General Counsel to Trump Campaign Cautions TN GOP Against Removing Duly Elected Delegates to Convention

Donald Trump

Since the March 5 primary results were announced, the GOP rumor mill has been filled with claims that several members of the Tennessee Republican State Executive Committee (SEC) intend to challenge the “Republican bona fides” of some of the elected Trump delegates at an April 6 meeting of the SEC. Such a challenge would be unprecedented and fraught with legal and political complications.

General Counsel David Warrington with Dhillon Law Group, which represents former President Donald Trump’s 2024 campaign, addressed such complications in a letter sent to Tennessee Republican Party Chairman Scott Golden on Friday.

Letter to TN GOP from Trump Campaign

“We have been made aware of an organized effort to remove several Trump delegates and alternates from their duly elected positions,” the letter, obtained by The Tennessee Star, said. “The individuals who were elected to represent President Trump on March 5, 2024, as delegates and alternates to the Republican National Convention are the only delegates and alternates that the Trump Campaign will recognize.”

“Any dispute about a delegate or alternate position will be adjudicated by the Committee on Credentials of the Republican National Committee,” the letter continued. “If any delegate or alternate is removed by the Tennessee Republican Party, that delegate or alternate will receive the full support of President Trump’s campaign to be credentialed at the Republican National Convention. In addition, any delegate or alternate who does not respect the wishes of the campaign and chooses to attack their fellow Trump supporters will not receive the campaign’s support at the credentials committee.”

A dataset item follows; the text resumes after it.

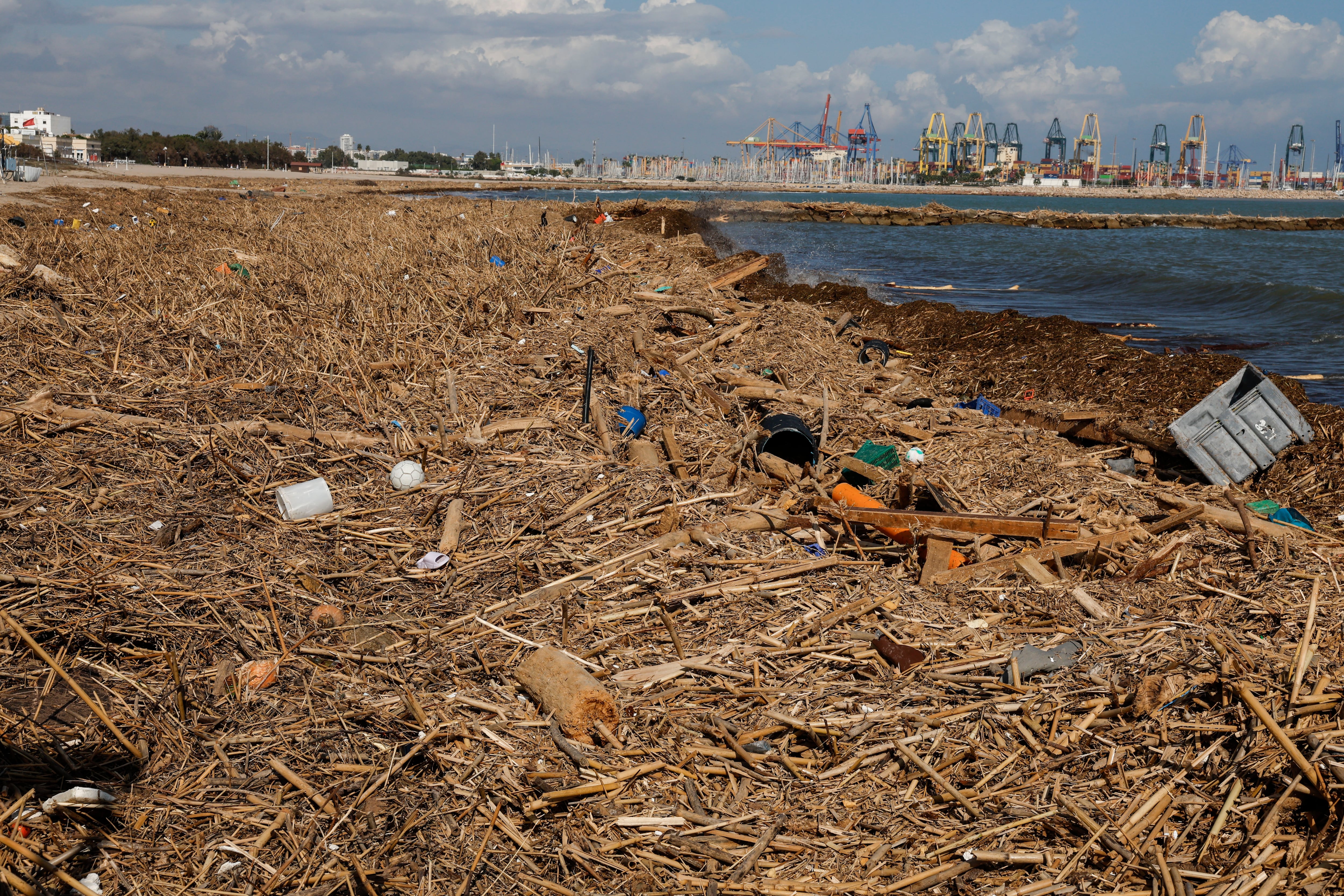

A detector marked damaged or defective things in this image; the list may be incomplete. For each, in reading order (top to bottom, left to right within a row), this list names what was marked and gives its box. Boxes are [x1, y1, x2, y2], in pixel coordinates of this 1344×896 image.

“All Republicans must cease any infighting and focus their attention on Joe Biden and the radical Democrats,” the letter added.

“Bona fide Republicans,” according to the Bylaws and Rules of the Tennessee Republican Party, are individuals who have voted in at least three of the four most recent statewide Republican primary elections.

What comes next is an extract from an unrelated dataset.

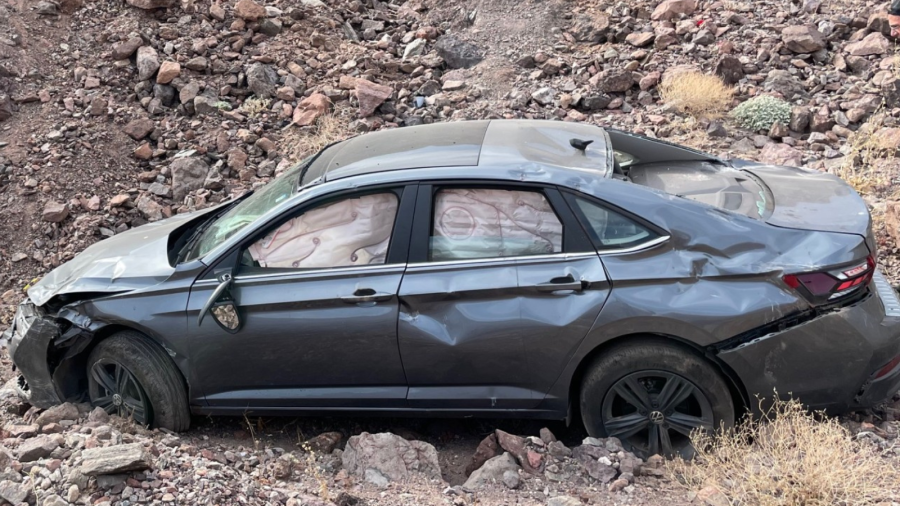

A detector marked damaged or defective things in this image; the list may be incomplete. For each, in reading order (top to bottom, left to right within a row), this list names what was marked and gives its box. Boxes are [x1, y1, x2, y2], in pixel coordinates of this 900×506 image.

Among the possible points of contention surrounding a potential challenge to a duly elected delegate are the following:

1. Uncertainty over whether the standard for “Bona Fide Republican” that applies to candidates for public office—having voted in three of the last four statewide Republican primaries—also applies to candidates for delegate to the Republican National Convention.
2. Whether a challenge to the Republican bona fides of a candidate for delegate can be made after the candidate has been certified as eligible to placed on the ballot by the Secretary of State, and after the candidate has been duly elected in a statewide primary.
3. Whether a Tennessee Republican Party decision to remove a duly elected delegate conflicts with the Secretary of State’s statutory requirement to certify the election of a delegate who has received the number of votes in the March 5 primary needed to be declared a delegate.